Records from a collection
┄┄┄┄┄┄┄┄┄┄┄┄┄┄┄┄┄┄┄┄

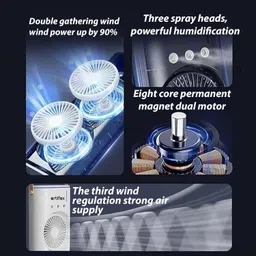 Navalkishori Double Ended Spray Fan Desk Fan with Mist Office and home zx10 Double Ended Spray Fan Desk Fan with Mist Office and home DC8 USB Air Cooler image 3
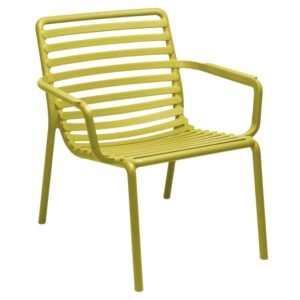 Žlut&eacute; plastov&eacute; zahradn&iacute; křeslo Nardi Doga Relax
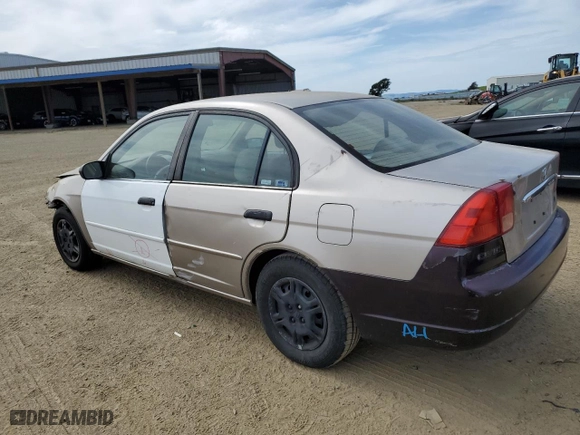 2001 Honda Civic LX with VIN JHMES16521S000353, listed as a Copart auction lot 47652345 with 0 mi miles and Salvage Title. Bid and sale history available at carsss.com. Image 2.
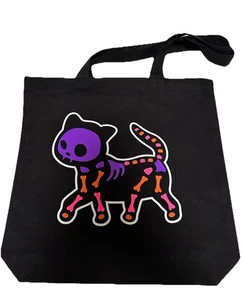 Newh Cartera de Lona Negra Hecha a Mano Diseño de Gato Esqueleto Hierro en Bolso de Mano 13” - Imagen 1 de 8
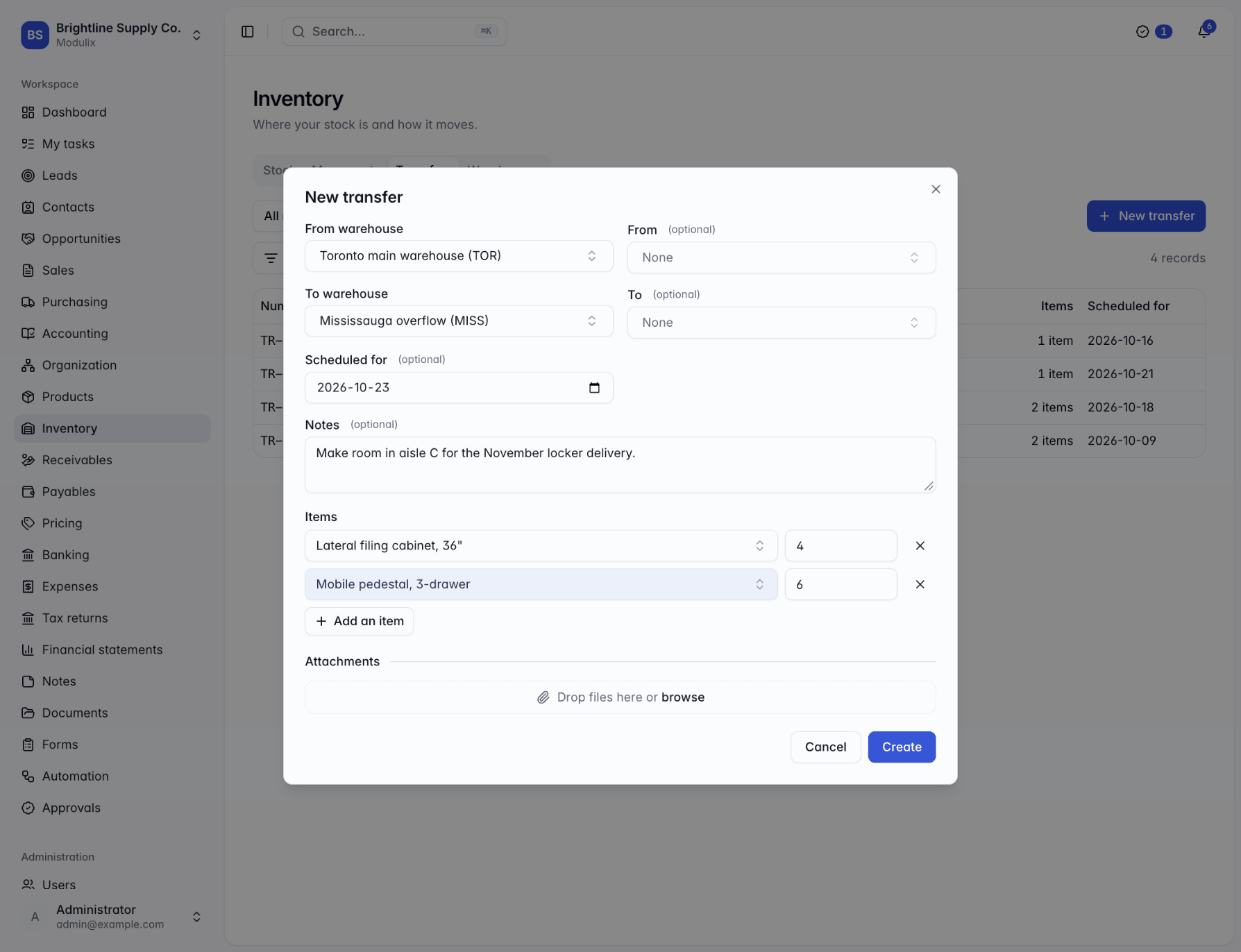 The New transfer dialog with from and to warehouses, a scheduled date and item lines with quantities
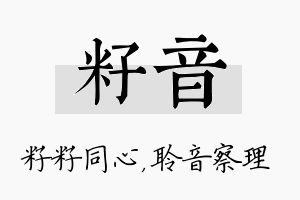 籽音名字的寓意及含义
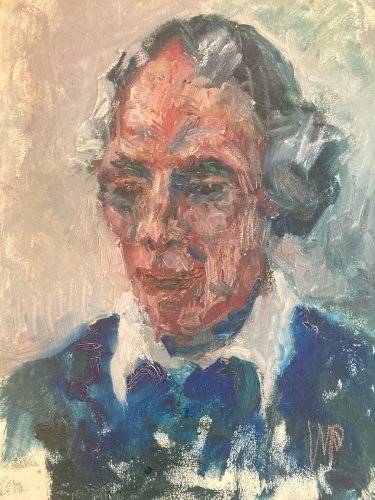 Peinture Huile sur panneau bois Homme Portrait 1960 Ancien Signé Art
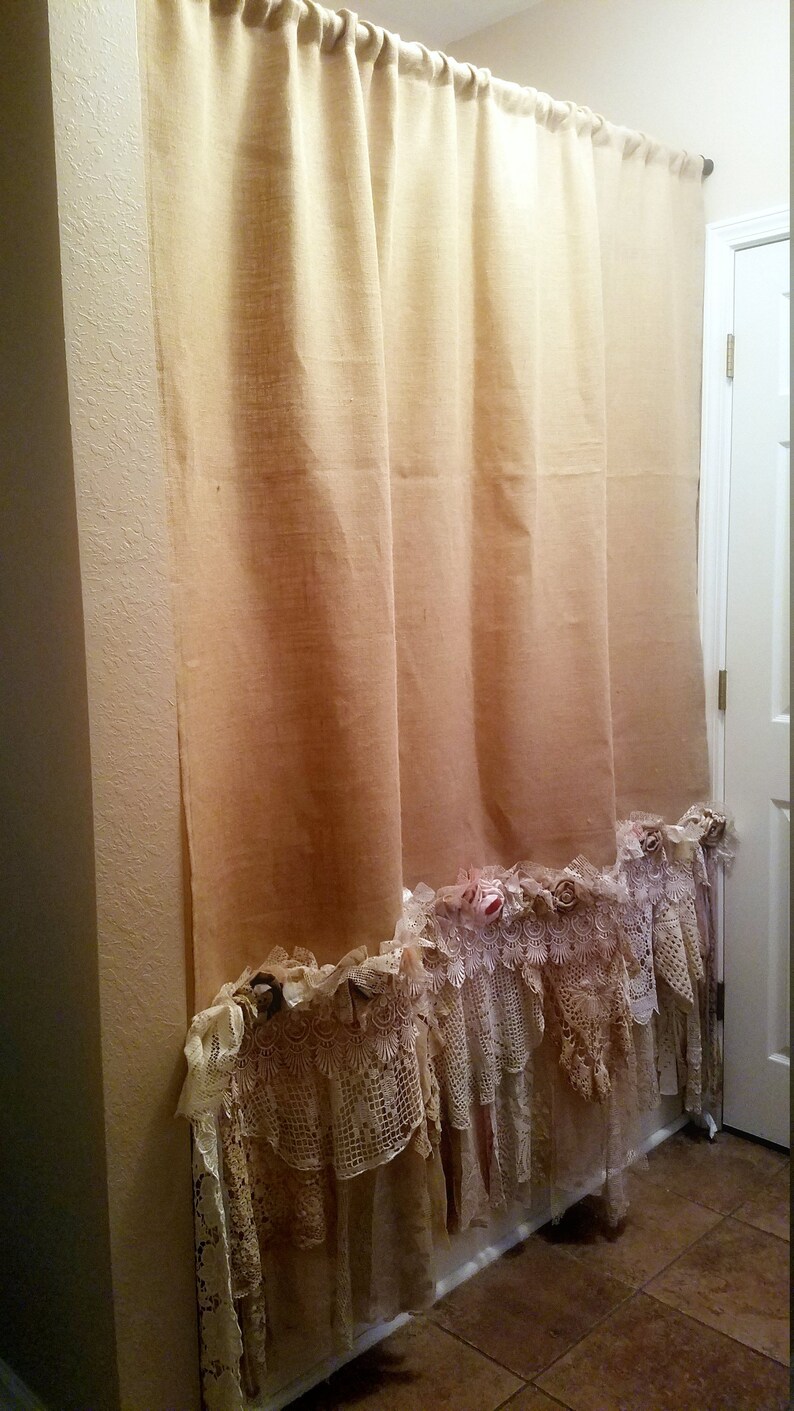 Shower Curtain Window Curtain Burlap Curtain Custom Etsy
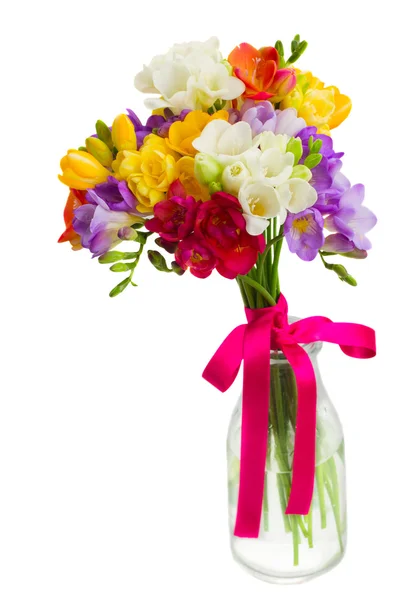 Bouquet of pink tulips and yellow daffodils — Stock Photo, Image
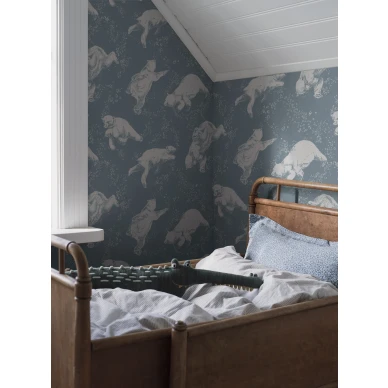 Lastenhuoneen tapetti Polarn sininen jaakarhutapetti Borastapeterilta 6292 image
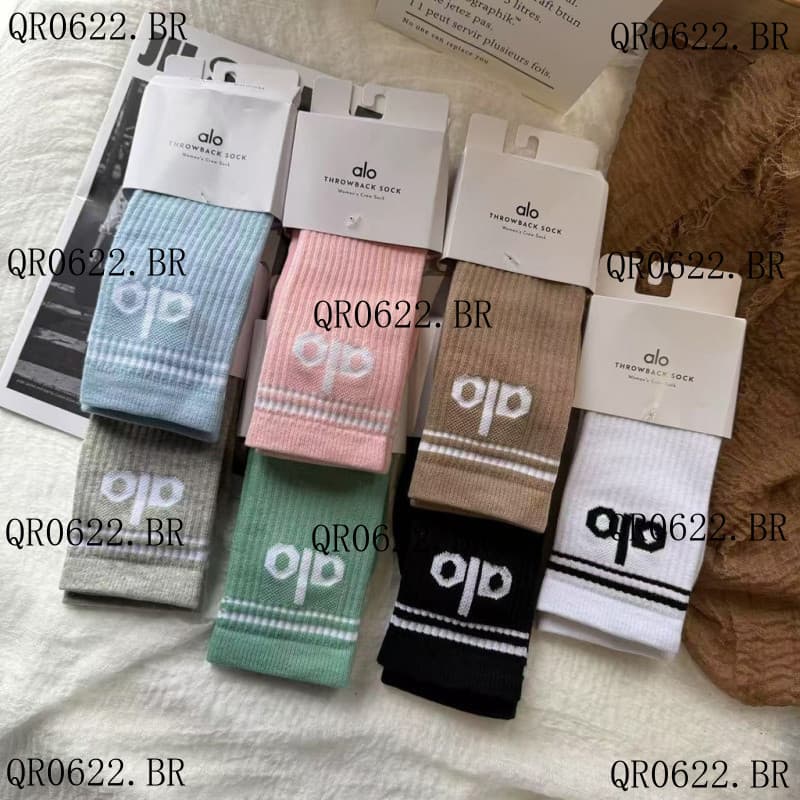 Meias de ioga, meias, meias de tubo médio, curtas, de corrida, algodão penteado VKCS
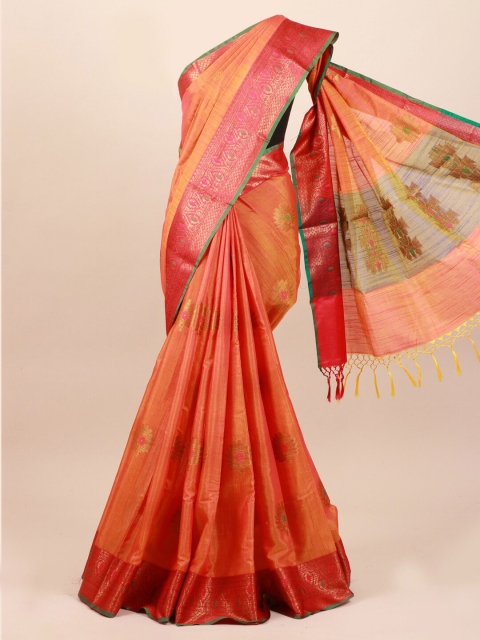 

Pothys Orange & Pink Ethnic Motifs Zari Saree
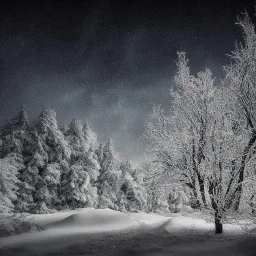 winter landscape, crystal, stars, dreamlike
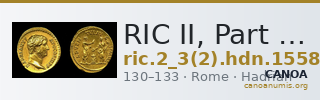 RIC II, Part 3 (second edition) Hadrian 1558 — CANOA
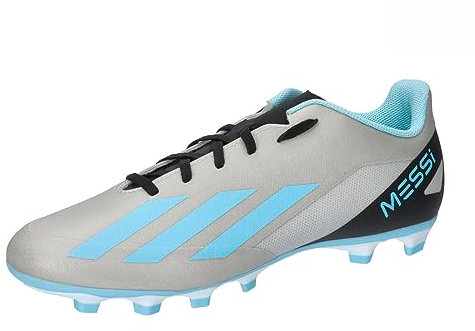 Adidas Unisex X Crazyfast Messi.4 Fxg Football Shoes (Firm Ground), Silver Met./Bliss Blue/Core Black, 45 1/3 EU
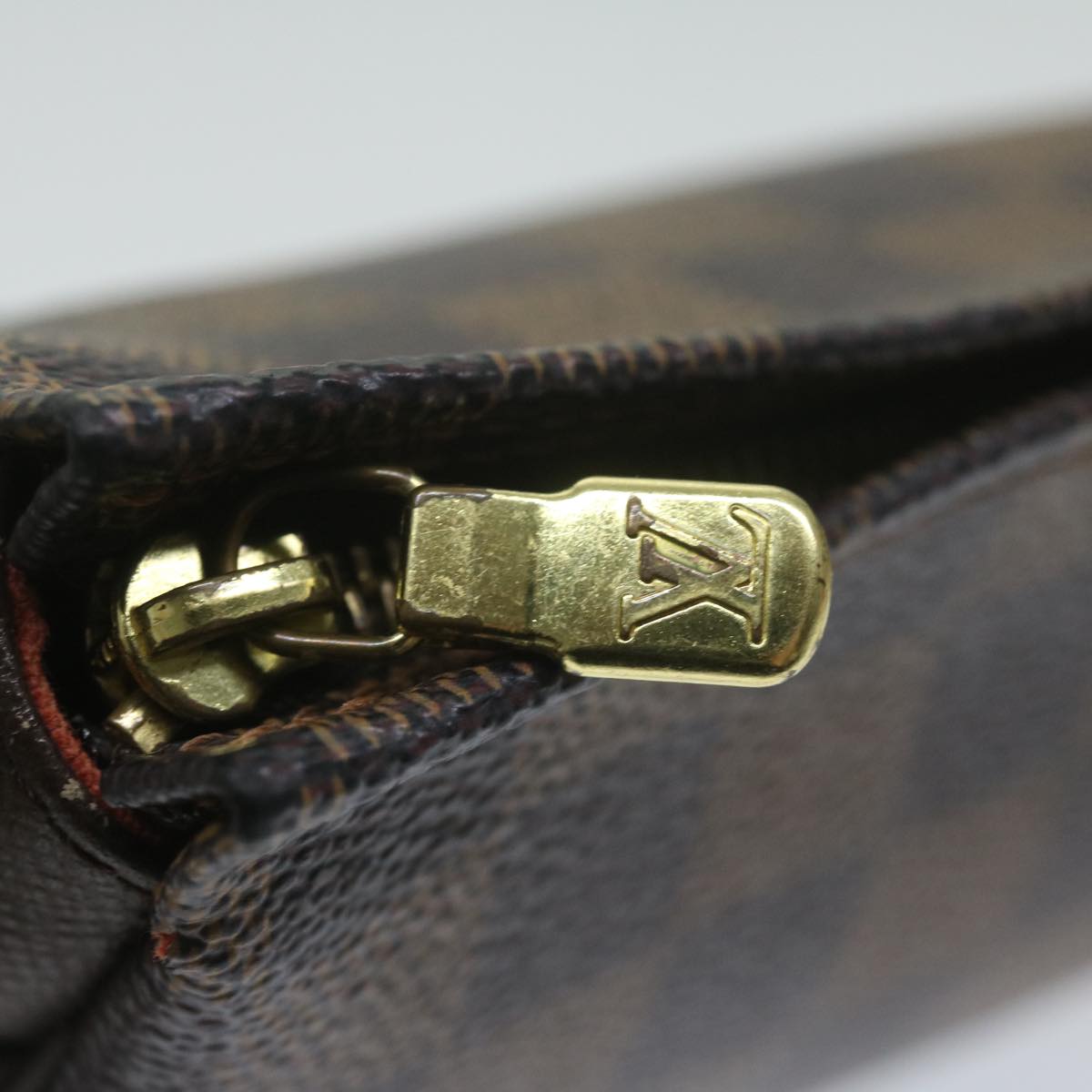 Damier Ebene Canvas Clutch/Shoulder Bag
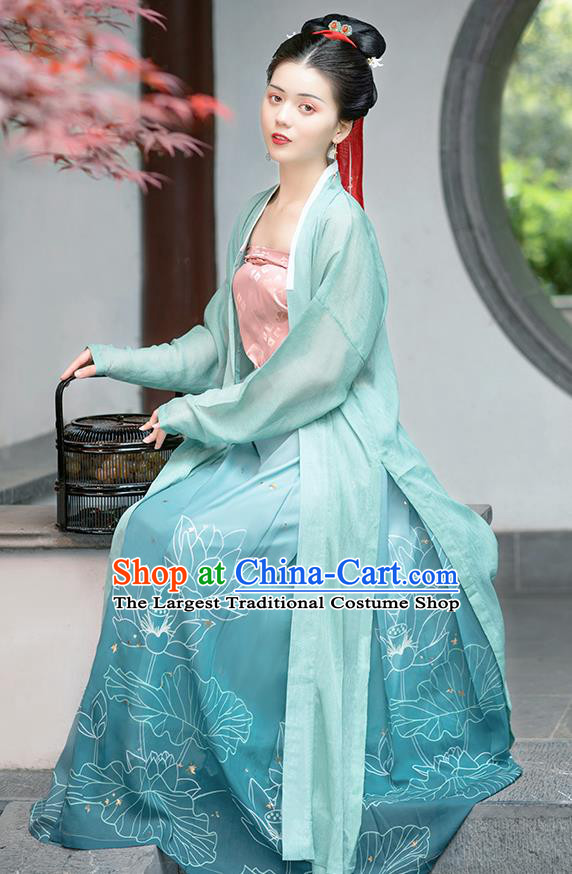 Chinese Ancient Young Lady Hanfu Dress Garment Traditional Song Dynasty Civilian Female Historical Costumes Complete Set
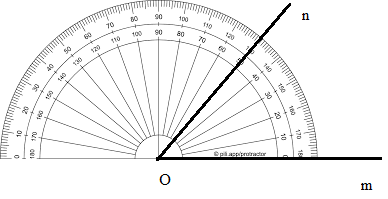 Cho tia Om. Vẽ tia On sao cho góc mOn = 50 độ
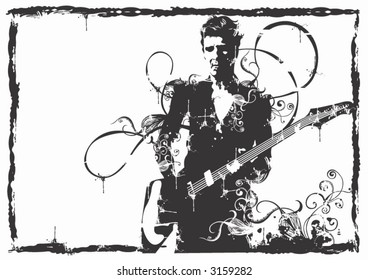 Illustration of a guitarist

┄┄┄┄┄┄┄┄┄┄┄┄┄┄┄┄┄┄┄┄

=== Task requirements ===
An exact copy of the lines above, from the first through the line that holds "The New transfer", is what is needed; leave the pictures out.

=== Solution for this task ===
 Navalkishori Double Ended Spray Fan Desk Fan with Mist Office and home zx10 Double Ended Spray Fan Desk Fan with Mist Office and home DC8 USB Air Cooler image 3
 Žlut&eacute; plastov&eacute; zahradn&iacute; křeslo Nardi Doga Relax
 2001 Honda Civic LX with VIN JHMES16521S000353, listed as a Copart auction lot 47652345 with 0 mi miles and Salvage Title. Bid and sale history available at carsss.com. Image 2.
 Newh Cartera de Lona Negra Hecha a Mano Diseño de Gato Esqueleto Hierro en Bolso de Mano 13” - Imagen 1 de 8
 The New transfer dialog with from and to warehouses, a scheduled date and item lines with quantities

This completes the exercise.